1) Статьею XII предоставлен трехлетний срок тем из подданных обеих держав, которые имеют недвижимую собственность по обе стороны Аракса и которые в течение сего времени могут свободно продавать и обменивать оную. О свободе переселяться тем или другим не сказано ни слова.
2) Статьею XIV не дозволено переметчикам и дезертирам, каковы суть ханы, беки и духовные начальники или муллы, которые своими внушениями могли бы иметь вредное влияние на соотчичей, селиться близ границы. Что касается до прочих жителей, то те, которые перешли или впредь перейдут из одного государства в другое, могут селиться и жить всюду, где дозволит то правительство, под коим они будут находиться (le Gouvernement, sous lequel ils seront placés).
Примечание. Что же касается до того государства, из которого они перешли или перейдут, то нигде не сказано, что оно должно давать им на то позволение, билеты и свободный пропуск.

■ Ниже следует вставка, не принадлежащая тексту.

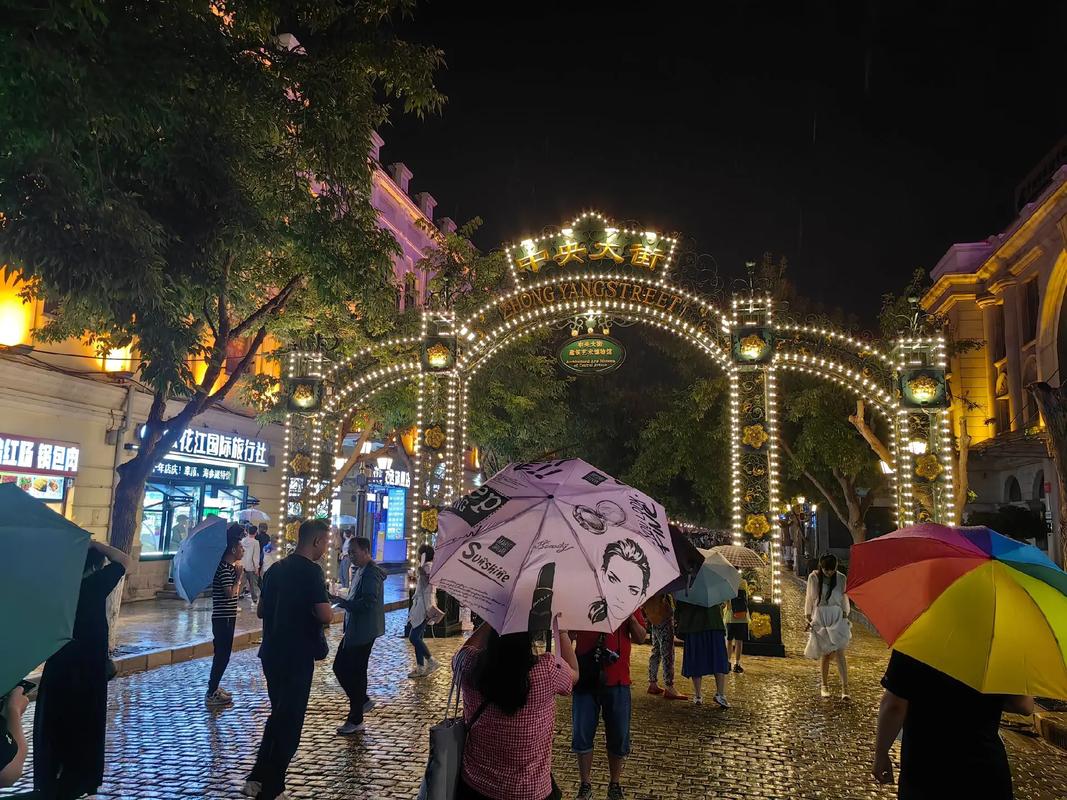 漫步哈尔滨雨天街头，感受冰城水乡的独特韵味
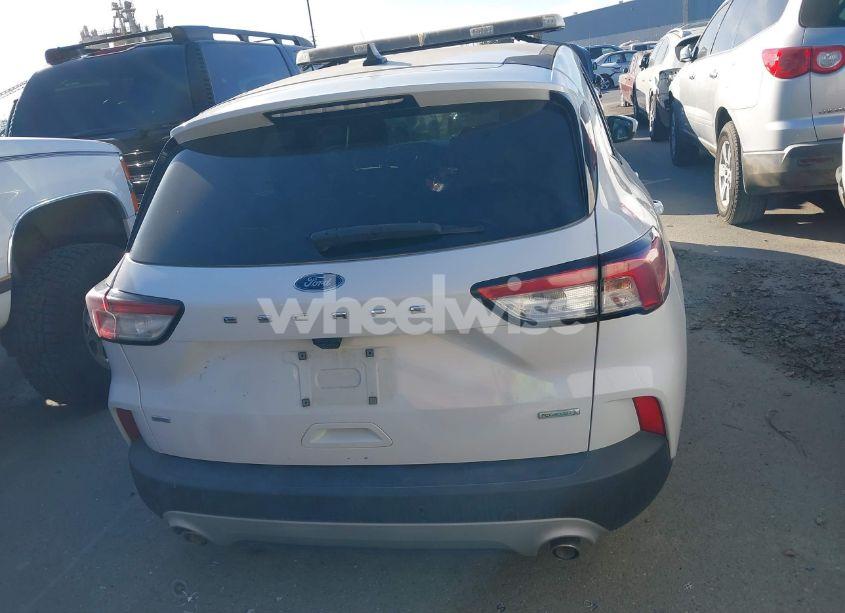 Photo 16 of 2020 Ford Escape SE (VIN 1FMCU0G60LUB06565)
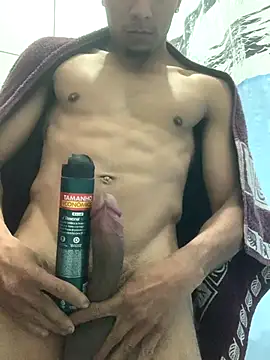 Magrinhoo051 online show from 10.01.25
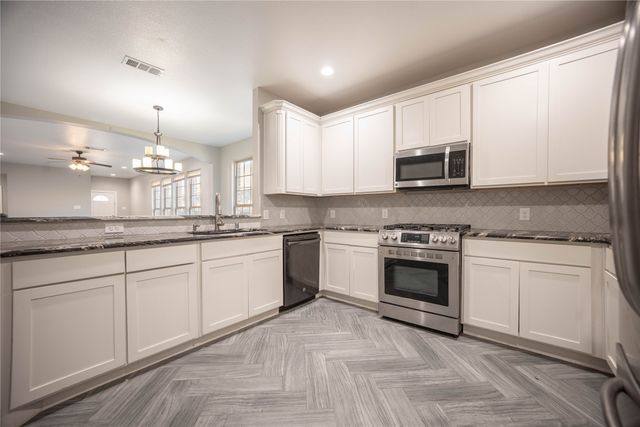 2127 Spikes Street, Grand Prairie, TX 75051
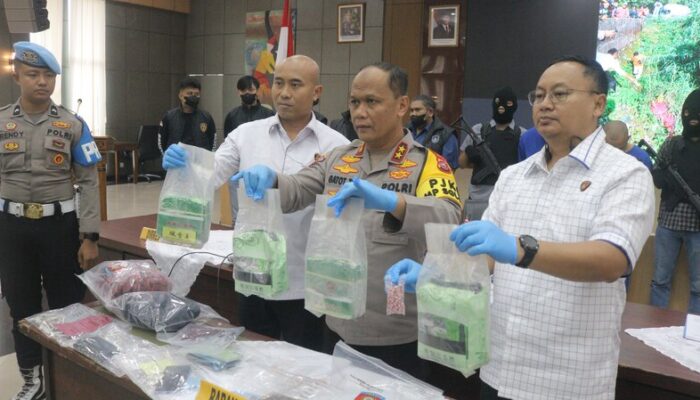 Jasad Ditemukan di Sitinjau Lauik, Kapolda Sumbar: Terungkap motif Pembunuhan Ini Akibat Jual-Beli Sabu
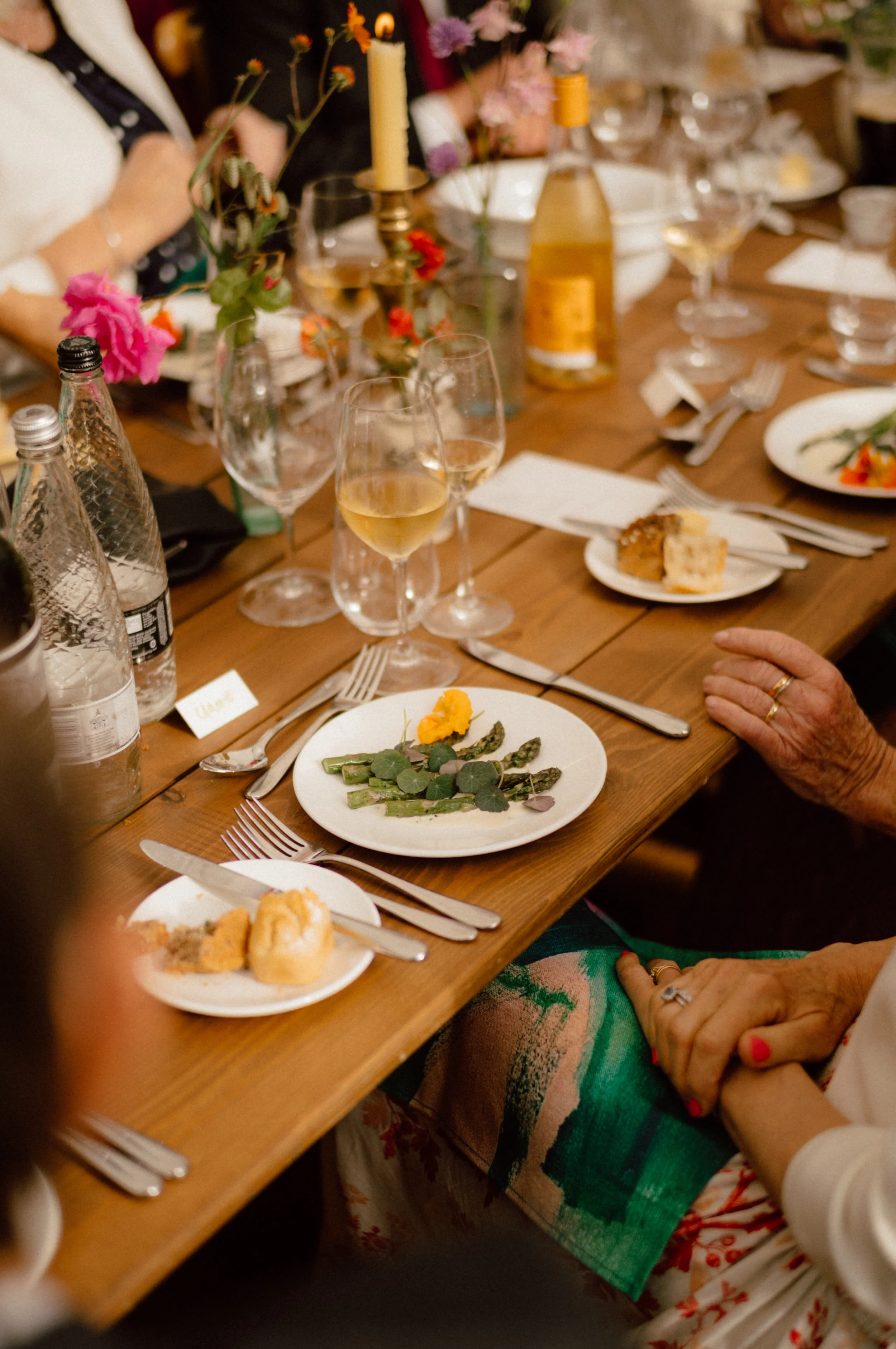 Scottish Borders Garden Wedding Photography 101.jpg
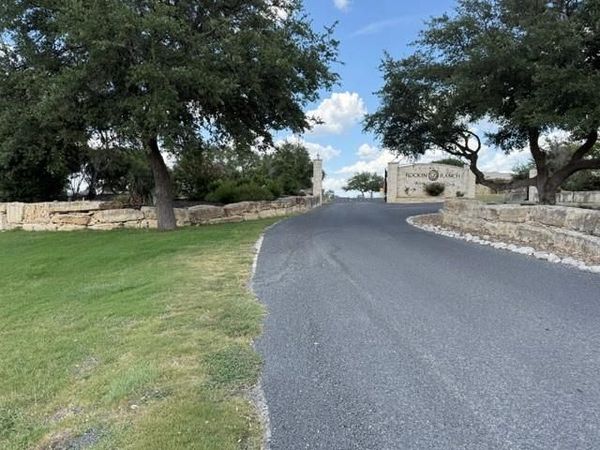 137 W Pat Dolan, Blanco, TX 78606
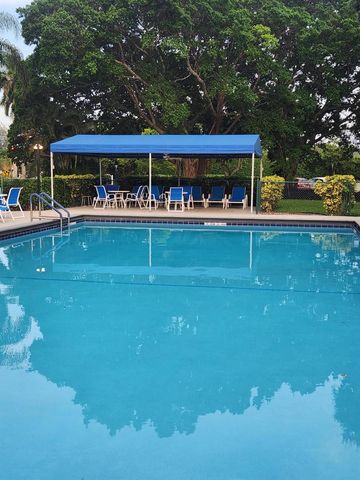 811 S Hollybrook Drive S 206, Pembroke Pines, FL 33025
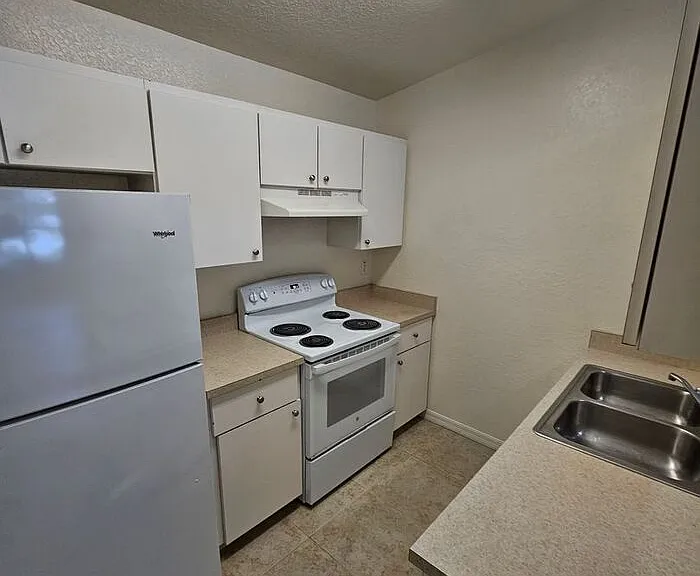 531 NE 28th Ave #100 — Photo 4
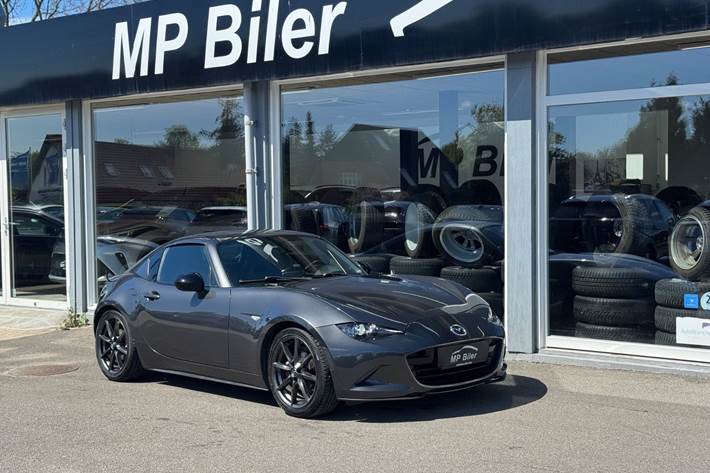 Grå Mazda MX-5 fra 2017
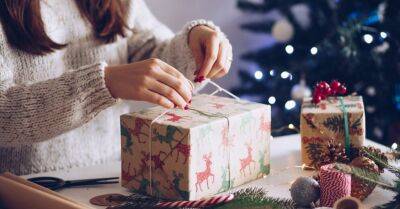 Опрос: более половины латвийцев планируют потратить меньше денег на рождественские подарки в этом году
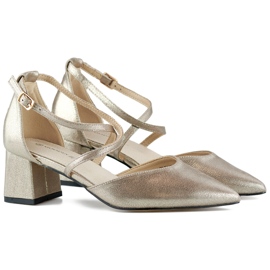 Silberne Pumps mit Riemchen und niedrigem Absatz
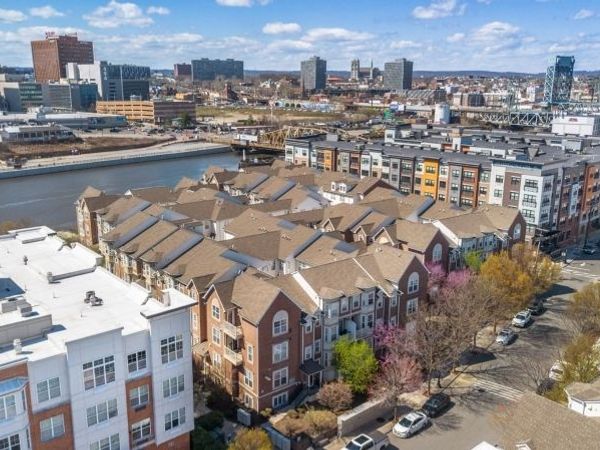 201 Dey St, Harrison, NJ 07029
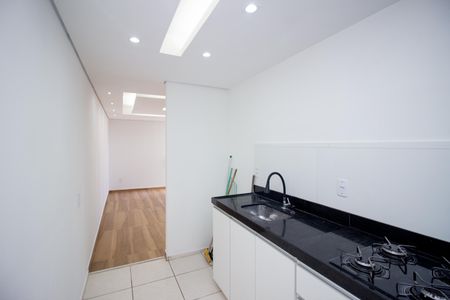Apartamento para alugar com 45m², 2 quartos e 1 vaga Apartamento para alugar com 45m², 2 quartos e 1 vagaCozinha e Área de Serviço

3) Статьею XV даруется его величеством шахом полное прощение всем жителям и чиновникам Адербейджана. Сверх того будет предоставлен тем чиновникам и жителям годичный срок, считая от дня заключения трактата, для свободного перехода со своими семействами из персидских областей в российские, для вывоза и продажи движимого имущества; относительно же имения недвижимого определяется пятилетний срок для продажи оного.
Примечание. Сей годичный срок для перехода и пятилетний для продажи недвижимого имущества поставлен исключительно в пользу переходящих из Персии в Россию, а не наоборот. Нигде не сказано и не могло быть сказано, чтобы мы должны отпускать своих подданных с семействами и имуществами, ибо вся статья основана на завоевании Адербейджана, где многие нам служили и не захотели бы далее оставаться в подозрении под законом прежнего правительства, ими оскорбленного и мстительного, по выступлении наших войск.